QNSPSAOptimizer

class QNSPSAOptimizer(learning_rate=0.01, c=0.2, alpha=0.602, gamma=0.101, A=None, regularization=0.001, resamplings=1, blocking=False, blocking_history=5, blocking_tol=2.0, exact_loss=False, metric_estimator=None)[source]

Bases: _SPSAConfigMixin, Optimizer

Quantum Natural SPSA (Gacon et al.).

Combines the cheap SPSA gradient with a stochastic Fubini–Study metric, so both the gradient and the geometry cost a constant number of circuit evaluations per step regardless of the parameter count. The default metric is estimated from state-fidelity overlaps via two random directions \(h_1, h_2\):

\[\delta F = F(\theta,\theta + c_k h_1 + c_k h_2) - F(\theta,\theta + c_k h_1) - F(\theta,\theta - c_k h_1 + c_k h_2) + F(\theta,\theta - c_k h_1), \quad \hat g = -\frac{\delta F}{8 c_k^2}\,(h_1 h_2^\top + h_2 h_1^\top),\]

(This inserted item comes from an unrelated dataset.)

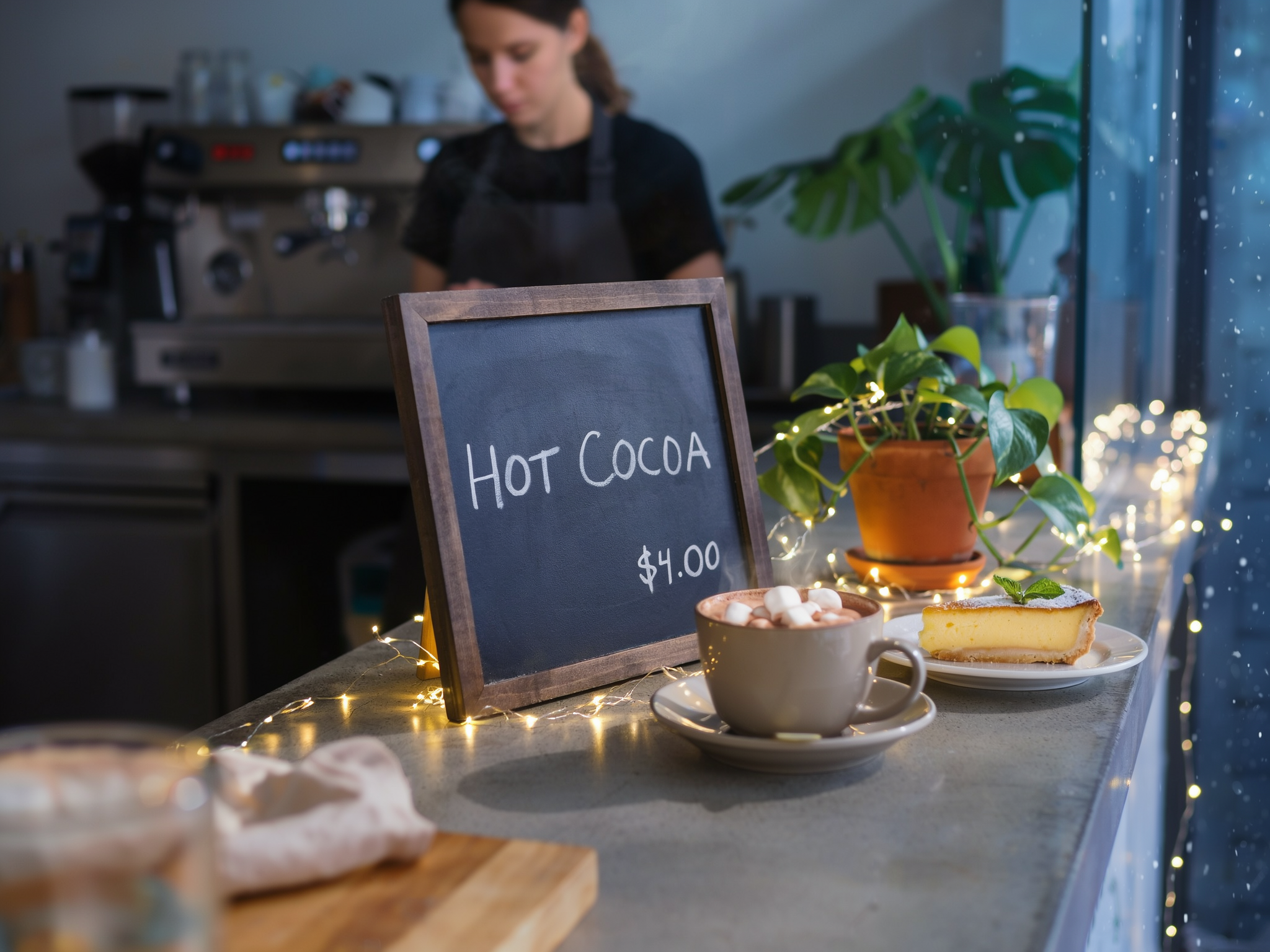 The same cafe counter turned into a winter evening: the chalkboard now reads HOT COCOA and $4.00, a mug of hot chocolate with marshmallows, fairy lights along the counter and snow falling outside the window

accumulated into a running average \(\bar g_k=(k\,\bar g_{k-1}+\hat g)/(k+1)\) seeded at the identity, conditioned as \(|\bar g_k| + \beta I\) (matrix absolute value plus an identity shift), and used to precondition the SPSA gradient: \(\theta \leftarrow \theta - a_k (|\bar g_k|+\beta I)^{-1}\hat g\).

The metric backend is pluggable, exactly as for QNGOptimizer. The default StochasticFidelityMetricEstimator is the faithful QN-SPSA metric; passing FubiniStudyMetricEstimator (or PullbackMetricEstimator) instead uses that estimator’s exact metric while keeping the SPSA gradient.

Single-point optimizer (n_param_sets == 1); the variational algorithm supplies the metric evaluator via build_evaluators().

Parameters:
  • learning_rate (float) – Spall’s \(a\) — the learning-rate gain numerator.

  • c (float) – Perturbation-size gain numerator \(c\).

  • alpha (float) – Decay exponent for the learning-rate gain (Spall default 0.602).

  • gamma (float) – Decay exponent for the perturbation gain (Spall default 0.101).

  • A (float | None) – Learning-rate stability constant; defaults to 0.1 * max_iterations.

  • regularization (float) – Identity-shift \(\beta\) added to the conditioned metric so the linear solve stays positive-definite.

  • resamplings (int) – Average this many independent gradient/metric samples per step to reduce variance.

  • blocking (bool) – Enable look-ahead blocking (reject a step whose candidate loss exceeds the current loss by more than blocking_tol·std of the recent window). Recommended for high-dimensional or noisy runs where the stochastic metric can otherwise drive a divergent step. Costs one extra evaluation per step, plus one at the start to seed the baseline. Off by default.

  • blocking_history (int) – Window length for the std band used by blocking.

  • blocking_tol (float) – Reject a candidate whose loss exceeds the current loss by more than blocking_tol·std of the recent window. This is the knob that absorbs cost noise in the accept/reject decision (resamplings de-noises the gradient/metric, not this single-evaluation comparison).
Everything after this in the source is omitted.